Il est également possible de se rendre
compte d'une progression dans notre cheminement. Régresser
c'est progresser tout de même, car on apprend de nos erreurs,
surtout inconsciemment. Voilà pourquoi il est normal de
se retrouver en contradiction avec notre propre philosophie. Être
conscient, par contre, engendre une progression plus rapide. Car
on voit le pourquoi de chaque chose, on agit et on analyse avec
l'idée d'apprentissage. Être inconscient permet certains
liens, mais il est difficile d'apprendre à compter si on
n'est pas conscient que l'on désir apprendre à compter,
et surtout, si l'on ne désire pas apprendre à compter.

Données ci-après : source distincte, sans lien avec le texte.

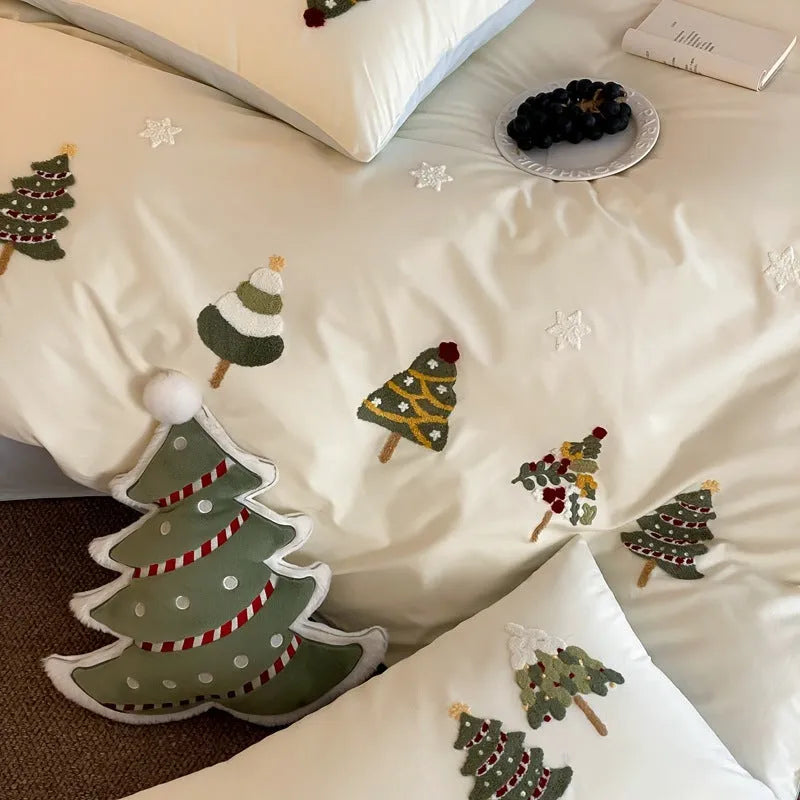 Christmas tree towel embroidery on pure cotton bedding set with botanical patterns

Mais de toute manière, il est dans la nature de l'humain
d'apprendre. Bref, progresser lentement signifie en quelque sorte
la stagnation.
Celui qui est conscient progressera de façon
évidente et atteindra des résultats. Ainsi nos conditions
de vie favorisent certains changements dans notre existence, et
enclenchent tout un processus de l'apprentissage impliquant différents
niveaux. Il devient cependant difficile de définir s'il
existe une hiérarchie entre ces niveaux. Est-ce que l'on
peut dire qu'il faut apprendre telle chose avant telle autre?
Ou plutôt constater qu'il existe une infinité de
choses à comprendre afin d'accéder à un niveau
de vie meilleur?
Atteindre certains résultats, suffisamment
pour ressentir le besoin d'un changement radical dans notre vie,
entraîne le recommencement du processus provoquant l'expérience,
tout ceci afin d'aboutir à d'autres résultats.
Alors on retrouve certains événements
empêchant la réalisation de nos désirs. Il
ne s'agit pas toujours de surmonter les obstacles, mais de voir
ce qu'ils impliquent. À la limite on arrive à acquérir
de l'expérience par la transposition des sentiments ou
émotions des personnes avec qui l'on échange des
connaissances. Souvent, lorsque l'on a bien identifié les
implications d'un événement, avec considération
de faits ou personnes impliquées, et que l'on a su en dégager
quelque chose, l'obstacle disparaît de lui-même. Parfois
même sans que l'on ait besoin de surmonter la difficulté,
c'est-à-dire, que l'on ne perçoit plus l'obstacle
comme un obstacle. Ce qui reviendrait à dire que l'obstacle
est surmonté, mais à un autre niveau. Exemple, la
personne qui essuie un échec assez important pourrait s'apitoyer
sur son sort et se replier sur elle-même. Si elle comprend
qu'il s'agissait d'une étape transitoire dans son existence,
qui lui permettra d'accomplir et de connaître autre chose,
elle aura plutôt tendance à se reprendre rapidement
en main puis de foncer vers ce changement. On n'a pas besoin de
souffrir pour acquérir de l'expérience si on est
capable de comprendre avant la souffrance.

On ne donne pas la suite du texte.